Evans C A, Gonzalez A E, Gilman R H, Verastegui M, Garcia H H, Chavera A, Pilcher J B, Tsang V C
Department of Medicine, Addenbrooke's Hospital, Cambridge, United Kingdom.
Am J Trop Med Hyg. 1997 Jan;56(1):33-7. doi: 10.4269/ajtmh.1997.56.33.

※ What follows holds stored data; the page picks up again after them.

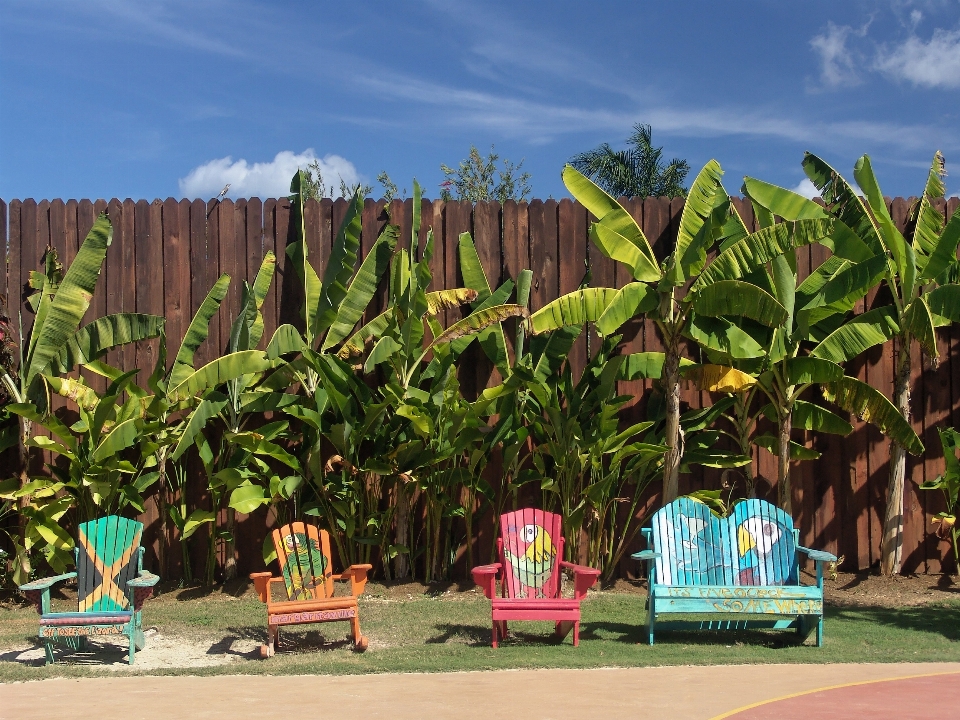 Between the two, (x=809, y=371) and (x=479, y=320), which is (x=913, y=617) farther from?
(x=479, y=320)

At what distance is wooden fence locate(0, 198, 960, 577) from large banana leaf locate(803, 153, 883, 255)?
25.7 inches

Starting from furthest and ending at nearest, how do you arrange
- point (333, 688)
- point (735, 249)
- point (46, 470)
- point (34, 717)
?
1. point (46, 470)
2. point (735, 249)
3. point (333, 688)
4. point (34, 717)

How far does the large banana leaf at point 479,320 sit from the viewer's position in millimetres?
8562

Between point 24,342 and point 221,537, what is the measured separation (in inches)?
104

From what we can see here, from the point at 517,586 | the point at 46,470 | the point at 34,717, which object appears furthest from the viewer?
the point at 46,470

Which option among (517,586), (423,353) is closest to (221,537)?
(423,353)

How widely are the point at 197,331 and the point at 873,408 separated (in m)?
6.13

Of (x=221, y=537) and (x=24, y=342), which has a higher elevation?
(x=24, y=342)

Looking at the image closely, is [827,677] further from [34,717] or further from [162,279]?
[162,279]

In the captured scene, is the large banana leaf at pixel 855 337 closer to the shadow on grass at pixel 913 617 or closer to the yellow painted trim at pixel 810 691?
the shadow on grass at pixel 913 617

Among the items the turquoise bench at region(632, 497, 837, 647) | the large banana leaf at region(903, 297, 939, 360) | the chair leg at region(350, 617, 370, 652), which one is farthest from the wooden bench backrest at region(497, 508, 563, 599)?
the large banana leaf at region(903, 297, 939, 360)

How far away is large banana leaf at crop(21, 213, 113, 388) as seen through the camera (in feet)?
28.7

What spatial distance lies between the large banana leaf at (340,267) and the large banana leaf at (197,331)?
0.93m

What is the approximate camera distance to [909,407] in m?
9.32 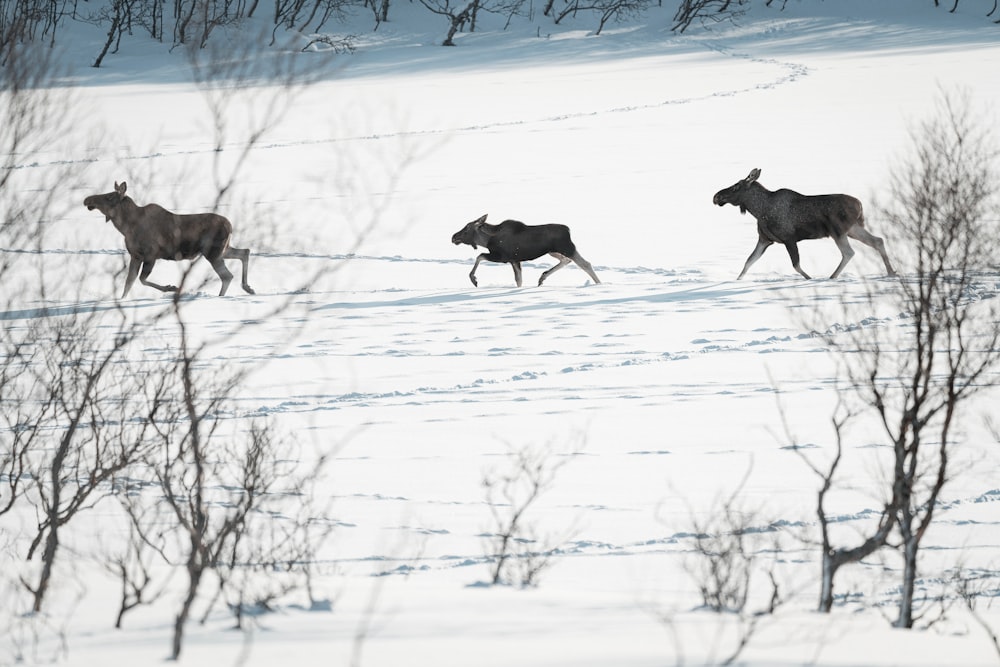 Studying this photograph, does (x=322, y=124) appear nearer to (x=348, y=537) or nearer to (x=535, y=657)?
(x=348, y=537)

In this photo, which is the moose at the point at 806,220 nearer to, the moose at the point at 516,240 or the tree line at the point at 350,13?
the moose at the point at 516,240

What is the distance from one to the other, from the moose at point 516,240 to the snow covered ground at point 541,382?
1.68ft

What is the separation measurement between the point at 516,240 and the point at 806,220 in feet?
12.9

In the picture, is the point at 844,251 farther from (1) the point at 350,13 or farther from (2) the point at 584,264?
(1) the point at 350,13

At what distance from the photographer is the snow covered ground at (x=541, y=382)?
214 inches

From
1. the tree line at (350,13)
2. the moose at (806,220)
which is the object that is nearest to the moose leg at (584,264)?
the moose at (806,220)

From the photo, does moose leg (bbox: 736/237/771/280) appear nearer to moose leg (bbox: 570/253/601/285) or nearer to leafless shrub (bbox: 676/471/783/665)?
moose leg (bbox: 570/253/601/285)

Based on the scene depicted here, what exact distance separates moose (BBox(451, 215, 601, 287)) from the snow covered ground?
0.51 metres

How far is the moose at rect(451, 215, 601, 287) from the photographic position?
17.4 m

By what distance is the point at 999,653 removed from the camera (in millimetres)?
5117

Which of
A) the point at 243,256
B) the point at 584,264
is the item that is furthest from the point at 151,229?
the point at 584,264

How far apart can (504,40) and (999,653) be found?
169 feet

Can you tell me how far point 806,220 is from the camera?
56.3ft

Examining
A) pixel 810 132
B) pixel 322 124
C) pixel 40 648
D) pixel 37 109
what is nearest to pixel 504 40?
pixel 322 124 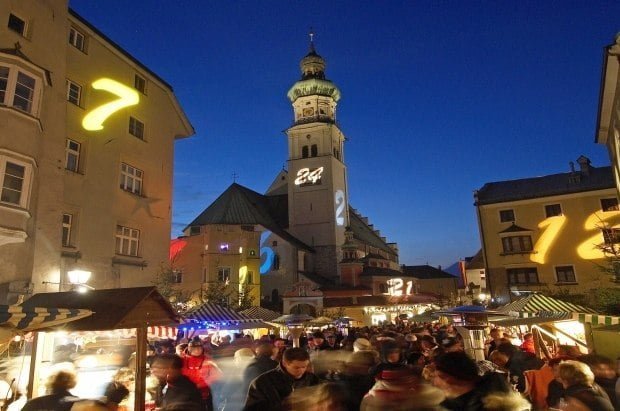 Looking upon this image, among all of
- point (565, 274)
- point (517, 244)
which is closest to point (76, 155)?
point (517, 244)

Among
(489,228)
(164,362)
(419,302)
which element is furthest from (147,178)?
(419,302)

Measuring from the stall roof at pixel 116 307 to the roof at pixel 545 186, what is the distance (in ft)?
125

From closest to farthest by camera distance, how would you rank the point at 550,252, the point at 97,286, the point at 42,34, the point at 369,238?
the point at 42,34 < the point at 97,286 < the point at 550,252 < the point at 369,238

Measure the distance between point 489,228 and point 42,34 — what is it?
1439 inches

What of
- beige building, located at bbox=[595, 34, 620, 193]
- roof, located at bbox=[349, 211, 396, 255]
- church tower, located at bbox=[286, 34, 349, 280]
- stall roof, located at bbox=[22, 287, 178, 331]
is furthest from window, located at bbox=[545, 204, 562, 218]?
stall roof, located at bbox=[22, 287, 178, 331]

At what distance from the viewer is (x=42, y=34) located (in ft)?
52.0

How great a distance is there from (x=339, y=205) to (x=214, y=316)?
155 ft

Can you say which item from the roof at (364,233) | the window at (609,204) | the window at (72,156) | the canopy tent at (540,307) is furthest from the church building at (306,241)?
the canopy tent at (540,307)

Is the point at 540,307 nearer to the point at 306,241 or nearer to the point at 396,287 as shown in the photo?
the point at 396,287

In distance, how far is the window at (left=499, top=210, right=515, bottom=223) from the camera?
3956 centimetres

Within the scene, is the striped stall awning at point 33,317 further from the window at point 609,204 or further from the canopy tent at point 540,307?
the window at point 609,204

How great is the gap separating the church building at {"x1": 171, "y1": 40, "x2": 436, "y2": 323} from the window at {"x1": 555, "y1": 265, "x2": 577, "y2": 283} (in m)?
19.9

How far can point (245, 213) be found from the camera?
57.9 meters

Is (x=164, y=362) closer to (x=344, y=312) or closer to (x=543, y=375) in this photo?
(x=543, y=375)
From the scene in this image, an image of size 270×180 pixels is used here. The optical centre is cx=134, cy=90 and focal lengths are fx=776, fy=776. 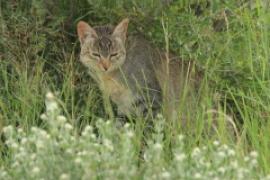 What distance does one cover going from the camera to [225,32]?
18.3 feet

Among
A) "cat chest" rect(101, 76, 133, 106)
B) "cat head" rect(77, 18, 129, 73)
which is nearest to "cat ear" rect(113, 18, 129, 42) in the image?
"cat head" rect(77, 18, 129, 73)

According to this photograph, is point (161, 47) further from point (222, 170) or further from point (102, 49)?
point (222, 170)

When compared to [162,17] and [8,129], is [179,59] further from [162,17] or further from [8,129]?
[8,129]

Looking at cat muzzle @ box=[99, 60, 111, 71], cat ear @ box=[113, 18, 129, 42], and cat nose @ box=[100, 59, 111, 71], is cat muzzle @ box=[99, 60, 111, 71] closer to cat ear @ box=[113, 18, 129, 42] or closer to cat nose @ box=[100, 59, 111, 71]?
cat nose @ box=[100, 59, 111, 71]

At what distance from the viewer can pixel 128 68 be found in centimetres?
587

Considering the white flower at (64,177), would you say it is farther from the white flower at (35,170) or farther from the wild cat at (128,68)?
the wild cat at (128,68)

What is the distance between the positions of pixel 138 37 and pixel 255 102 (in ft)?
4.20

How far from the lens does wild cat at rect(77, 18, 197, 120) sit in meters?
5.67

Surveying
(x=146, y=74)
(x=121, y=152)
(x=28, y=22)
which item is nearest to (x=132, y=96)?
(x=146, y=74)

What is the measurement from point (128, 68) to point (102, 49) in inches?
9.7

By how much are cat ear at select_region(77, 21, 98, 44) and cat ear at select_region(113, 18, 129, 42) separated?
0.17 m

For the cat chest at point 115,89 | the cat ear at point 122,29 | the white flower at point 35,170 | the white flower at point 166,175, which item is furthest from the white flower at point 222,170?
the cat chest at point 115,89

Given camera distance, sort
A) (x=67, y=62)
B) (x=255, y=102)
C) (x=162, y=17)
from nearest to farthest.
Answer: (x=255, y=102), (x=162, y=17), (x=67, y=62)

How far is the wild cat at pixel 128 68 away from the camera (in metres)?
5.67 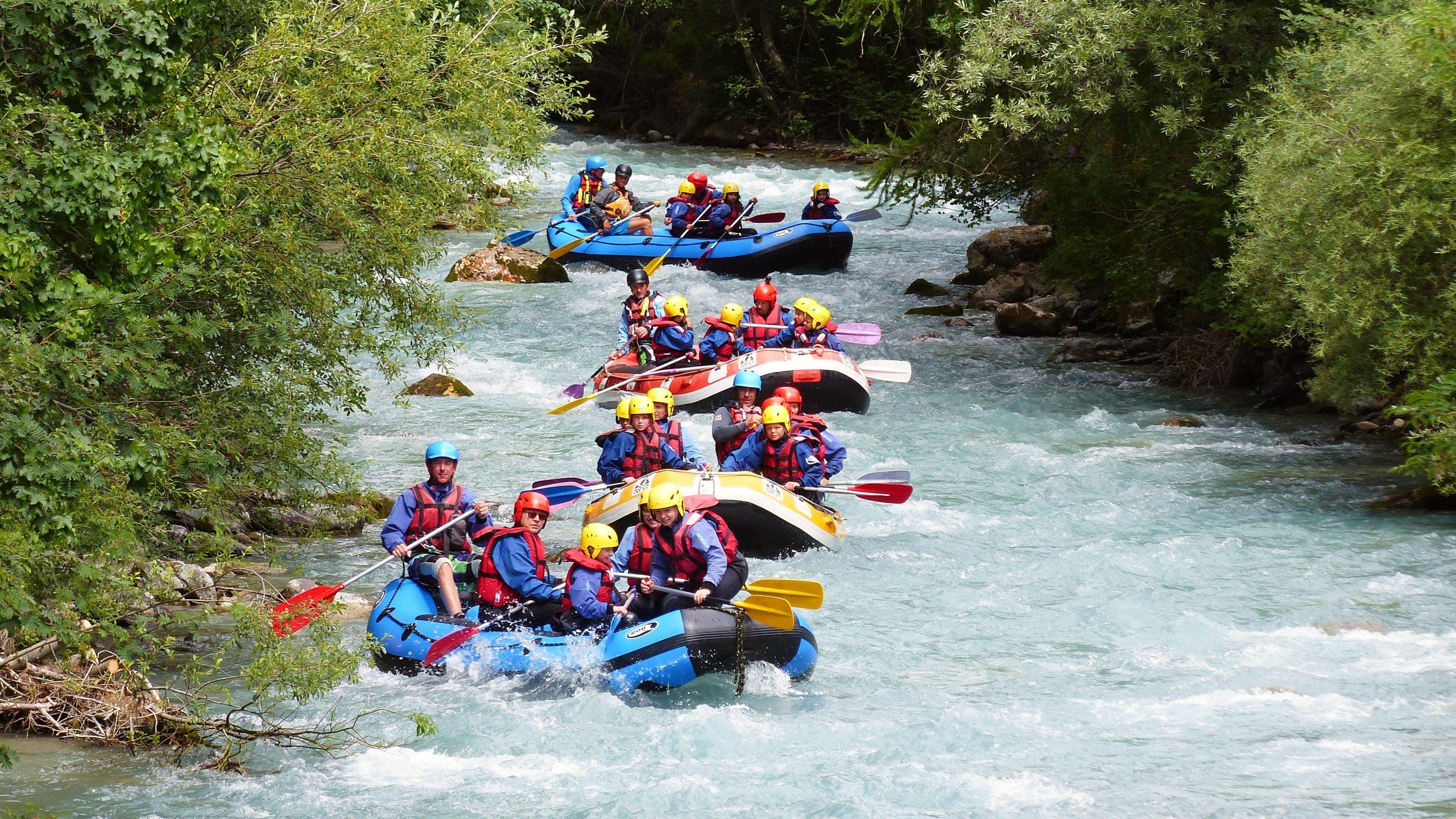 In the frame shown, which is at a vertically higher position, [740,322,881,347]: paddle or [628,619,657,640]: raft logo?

Taenia solium cysticercosis is an important cause of human disease in many developing countries. Porcine cysticercosis is a vital link in the transmission of this disease and impairs meat production. A treatment for porcine cysticercosis may be an effective way of preventing human disease that would also benefit pig farmers, facilitating control programs in disease-endemic regions. Previous research suggests that reinfection with cysticercosis or immunotherapy with cysticercal antigens may cause degeneration of cysticerci, potentially curing porcine cysticercosis. Therefore, a blinded, randomized, controlled study to assess the efficacy and safety of immunotherapy in 28 naturally parasitized pigs was performed. Four groups of pigs with similar weights were inoculated twice with membrane-enriched cysticercal antigens (MA), saline, aqueous-soluble crude cysticercal antigens (AA) in adjuvant (Freund's complete then incomplete), or adjuvant alone. Immunotherapy was well tolerated but had no consistent effect on the macroscopic appearance of cysticerci or eosinophil count. Histopathologic findings were variable, with both severe and minimal inflammatory reactions seen in adjacent cysticerci in all pigs. Nine (64%) of 14 pigs given immunotherapy developed new antibody bands on electroimmunotransfer blot compared with one (7%) of 14 control pigs (P < 0.01). Treatment with AA in adjuvant caused a significant increase in the proportion of cysticerci that failed to evaginate and were, therefore, not viable for infecting humans (34% for pigs given AA in adjuvant compared with 10% for adjuvant alone; P < 0.04). Although immunotherapy caused a statistically significant decrease in the viability of cysticerci, this immunologic reaction was not great enough to prevent human disease.
猪带绦虫囊尾蚴病是许多发展中国家人类疾病的重要病因。猪囊尾蚴病是该疾病传播的关键环节,并且会影响肉类生产。治疗猪囊尾蚴病可能是预防人类疾病的有效方法,这对养猪户也有益,有助于在疾病流行地区开展防控项目。先前的研究表明,再次感染囊尾蚴病或用囊尾蚴抗原进行免疫治疗可能会导致囊尾蚴退化,有可能治愈猪囊尾蚴病。因此,开展了一项双盲、随机、对照研究,以评估免疫疗法对28头自然感染猪的疗效和安全性。将四组体重相似的猪分别接种两次富含膜的囊尾蚴抗原(MA)、生理盐水、佐剂(先弗氏完全佐剂后弗氏不完全佐剂)中的水溶性粗囊尾蚴抗原(AA)或仅接种佐剂。免疫疗法耐受性良好,但对囊尾蚴的宏观外观或嗜酸性粒细胞计数没有一致的影响。组织病理学结果各不相同,所有猪相邻囊尾蚴中均可见严重和轻微的炎症反应。与14头对照猪中的1头(7%)相比,接受免疫治疗的14头猪中有9头(64%)在电免疫转移印迹上出现了新的抗体条带(P < 0.01)。用佐剂中的AA治疗导致不能外翻从而对人类无感染性的囊尾蚴比例显著增加(接受佐剂中AA治疗的猪为34%,而仅接受佐剂治疗的猪为10%;P < 0.04)。虽然免疫疗法使囊尾蚴的活力在统计学上显著降低,但这种免疫反应不足以预防人类疾病。